1. We investigated whether human subjects can activate selectively flexor pollicis longus (FPL) and digital portions of flexor digitorum profundus (FDP). These muscles were selected because they are the only flexors of the distal phalanges. 2. Electromyographic activity (EMG) was recorded with intramuscular electrodes from one digital component of the deep flexors ('test') while subjects lifted weights by flexing the distal interphalangeal joint of the other digits in turn ('lifting' digits). Only recording sites at which single motor units were recruited selectively at low forces were used. The weights lifted represented 2.5-50% of the maximal voluntary contraction (MVC). We measured the lowest weight lifted which produced phasic and tonic coactivation in the 'test' muscle. 3. The extent of coactivation varied with the 'distance' between the test and lifting digits although no significant difference occurred in the pattern of coactivation thresholds among the digital flexors. The extent of coactivation increased when angular displacement or velocity at the distal interphalangeal joint of the lifting digit increased but was not critically dependent on restraint of the hand. 4. Because mechanical 'connections' could interfere with the ability to move a distal phalanx independently, the arms of nine cadavers were studied.

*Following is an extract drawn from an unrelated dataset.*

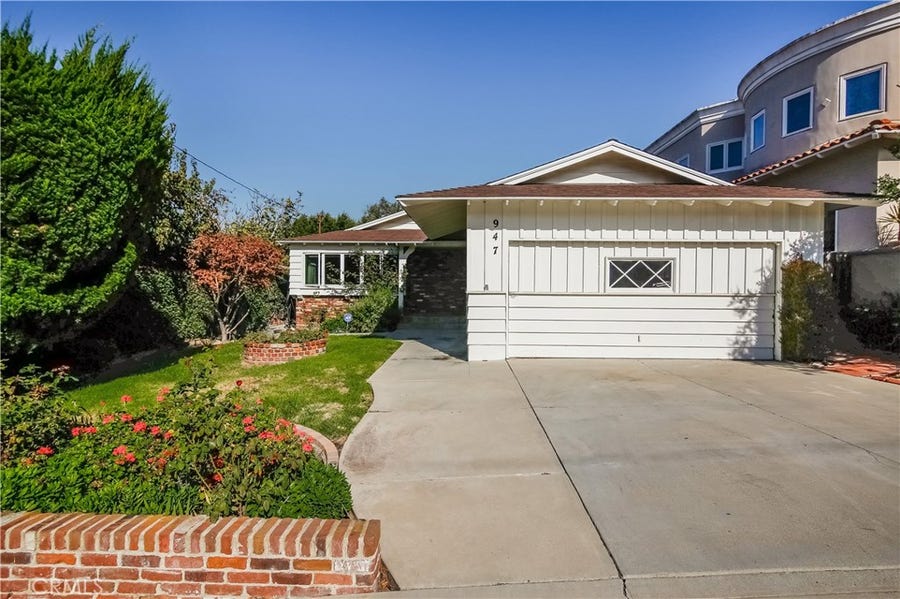 Property photo for 947 9th Street, Manhattan Beach, CA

The separation of tendons between the thumb (FPL) and the index portion of FDP, and between the index and middle portions of FDP, usually extended more proximally in the forearm than separation between the tendons to the middle and ring fingers and between the ring and little fingers. Direct intertendinous links were also noted. 5. It is not possible to direct a sufficiently focal motor command to flex selectively the distal joint of the fingers and thumb when forces exceeding 2.5% MVC are generated. For the middle, ring and little fingers in particular, movement of adjacent digits may also involve 'in-series' mechanical links between adjacent components of FDP.